Nicola Benedetti receives rave review play/directing the Scottish Chamber Orchestra

Nicola Benedetti play/directed a program of Mozart, J. Strauss II, Schoenberg with the Scottish Chamber Orchestra (Photo credit: John Devlin)

Nicola Benedetti stars in an evening of Scottish Chamber Orchestra’s old and new Viennese classics
By Gregor Tassie
Seen and Heard International
December 17, 2021

This eclectic programme somewhat hints at the forthcoming festivities – although the appearance of Schoenberg’s Verklärte Nacht (Transfigured Night) seems an odd choice, but for me any piece by a member of the Second Vienna School is always welcome – the common factor of course lies in that this continues the theme of music from Vienna through the ages.

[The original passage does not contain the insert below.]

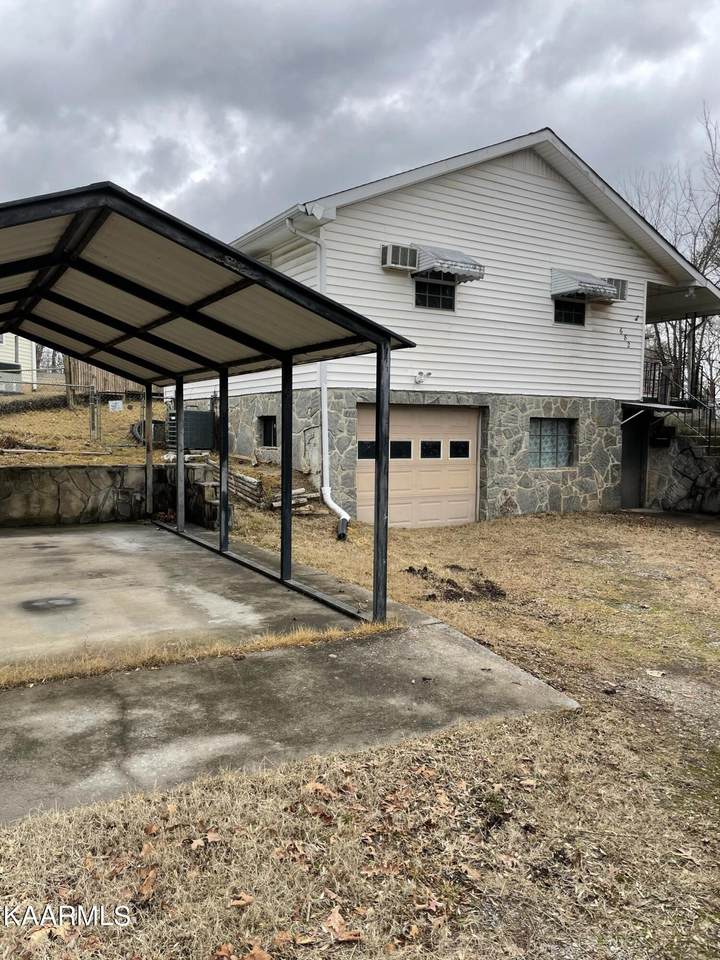 682 Outer Drive - Photo 1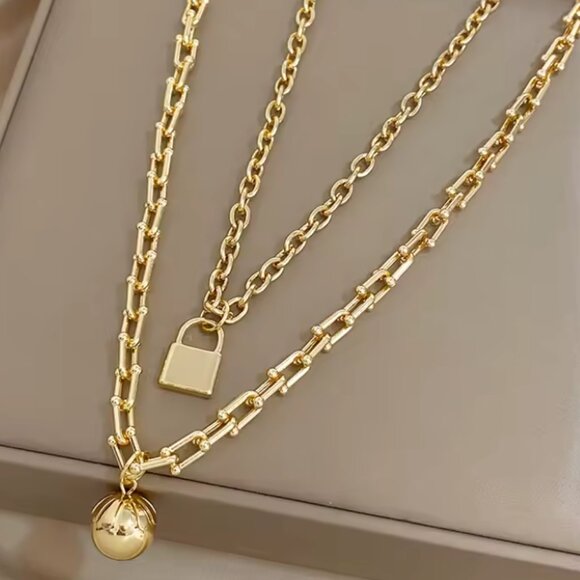 U-Shaped Chain Ball Buckle Necklace Collarbone Chain Necklace Multi-Layer - Picture 2 of 6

For Mozart’s First Violin Concerto we had the benefit of Scotland’s music ambassador Nicola Benedetti following the vibrant orchestral introduction of the Allegro moderato with an entry of sparkling gaiety and enhancing the charming harmonies engagingly by her beautifully performed cadenza. In the slow movement (Adagio) Benedetti invoked a wistful and somewhat elegiac mood – with no little theatricality – with a fine solo passage of heavenly beauty. The Presto finale was vibrant, joyously translucent, with the soloist almost dancing in rhythm to the composer’s gorgeous music, the pacy tempo evinced her engagement with what we heard that was splendidly completed by another brilliant cadenza in reconciling the themes of the seventeen-year-old Mozart’s masterpiece.

For the Schoenberg work, Benedetti assumed the leader’s chair – a role that I have not seen her take previously – exhibiting a new trait in her performance. Originally written for a string sextet, this is the version for chamber orchestra revised by the composer in 1943. The violas introduced the dark strains of Schoenberg’s Verklärte Nacht with the cellos sounding as if rising from the depths of humanity, followed eloquently by the first and second violins. Although the piece has no defined movements, through the five sections of Richard Dehmel’s poem, the intensity of playing was tangible in the woman declaring her pregnancy by another man, ‘I am carrying a child, and not by you’ and the terrible agonies of the heart of her lover and his acceptance of fate, ‘Do not let the child you have conceived be a burden on your soul…’. The playing embraced the emotional feelings through the high strings to the deeply grave bass sound, shifting from E flat minor to D major. Leading from the first violins, Benedetti was outstanding in bringing out the drama of the poetry with superb interplay between the string sections – slowly more enhanced emotions developed which emerged elegiac and beautiful, as the man tells his lover, ‘Look how brightly the universe shines! … That warmth will transfigure the stranger’s child.’ Through this darkly nuanced work, Benedetti was ever more prominent in drawing the raw emotions of the lovers with the poignancy ebbing and flowing through to the closing bars.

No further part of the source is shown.